I went to Statsarkivet in Bergen in January 2026 to see the records in the file on his court martial. The main archive of Norway and of national records are Nasjonalarkivet (former name Riksarkivet). The regional archives (Statsarkivene) are in Bergen, Hamar, Kongsberg, Kristiansand, Oslo, Stavanger, Tromsø and Trondheim. The Sami archives are situated in Kautokeino and the Health Archives in Tynset.
I have been working on this part of my genealogy for 20 years, but I had a breakthrough around 2012, when I found out that Ingvald had emigrated to New Zealand. In 2022 I started to look at him disappearing from his duties as officer, after I found the clipping.

The archive staff will perform lookups in files and send you copies of the main aspects of a record set. If you want more, you will have to go in person, to make the required copies. And now I had both the desire and opportunity to go, even though Bergen is a flight of about an hour away.
The file consisted of about eighty documents. I read through some to find the most important information. I am, at a later time, going to use AI to transcribe them all, but now I can hopefully give some highlights. My theory of why Ingvald went to New Zealand was that when probate was held after his father’s death the estate was insolvent. So I thought Ingvald junior left Norway to get away from it all. He probably had no means or rather, he owed money.
Now I wanted to find out what information these records held. The result is: Ingvald had asked for leave to go to Great Britain and its colonies before he left in late 1890. His requests for leave of absence were repeated until 1893. So in 1894 he was wanted, thought to have deserted.

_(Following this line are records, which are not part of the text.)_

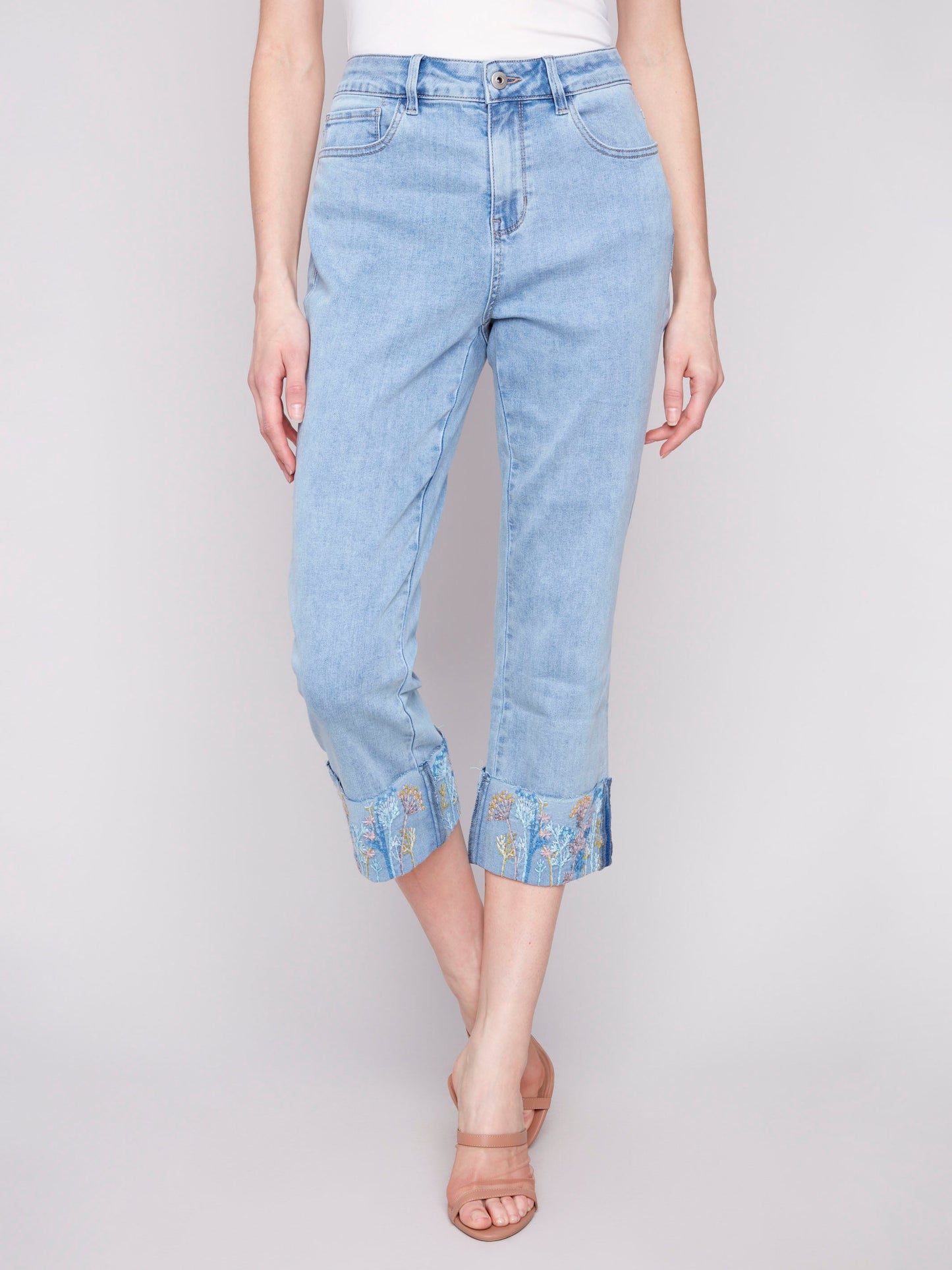 Cropped Jeans with Embroidered Cuff - Light Blue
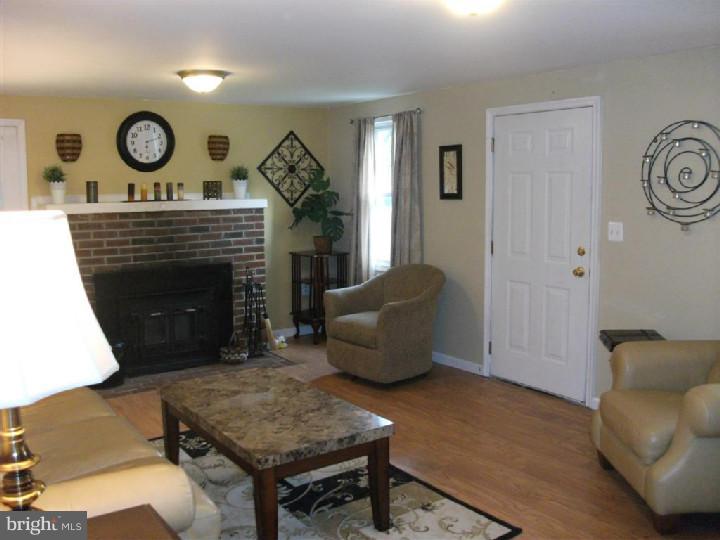 688 Egypt Road Phoenixville, PA 19460 - Photo 8 of 25 Living Room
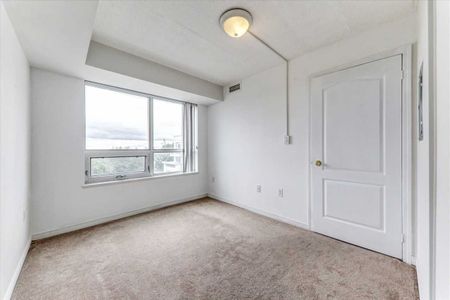For Lease - 4600 Steeles Ave East Avenue Unit# 716, Markham, Ontario - Photo 4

His brother-in-law, Christian Solberg, had also served as an officer and I believe he and Ingvald were friends. Solberg was asked, by the military authorities, to tell if he knew where Ingvald was. He told them the facts he had and he gave them an address. But it does not seem like the authorities managed to get in touch with him or that Ingvald answered the letters he got. In December of 1894, Ingvald married Margaret Mills (in NZ).
The papers show the supreme court trial or the court martial. I cannot, at present, be sure if it is the one or the other. There had previously been a regional trial in Bergen. How the military authorities acted in the case of a deserter, I do not know. And who decided that it had to go to a higher court is also not obvious.

The verdict was that Ingvald lost his status as an officer and was sentenced to pay 500 kroner for the military education he had received. Strangely enough, the verdict was read to his former landlady as this was the last place they knew he had been before leaving for New Zealand.
A lot more could have been said, as there are so many questions. I had a working title for this post: When is the job done? First of all, I have not done a complete job of analyzing the probate records for Ingvald’s father. I usually say that when I am going to do my doctoral thesis, this will be my subject. The Court Martial is also special, one has to learn about military history and even more documents will have to be found. One problem is that they are in different Statsarkiv (regional archives) and this therefore requires travel. He was probably conscripted in Oslo, but why did he serve in the Bergenhusiske (Bergen) infantry? And why in Nordfjordeid? Back then it took a lot of time to travel from Kristiania to Nordfjordeid. What was his service like?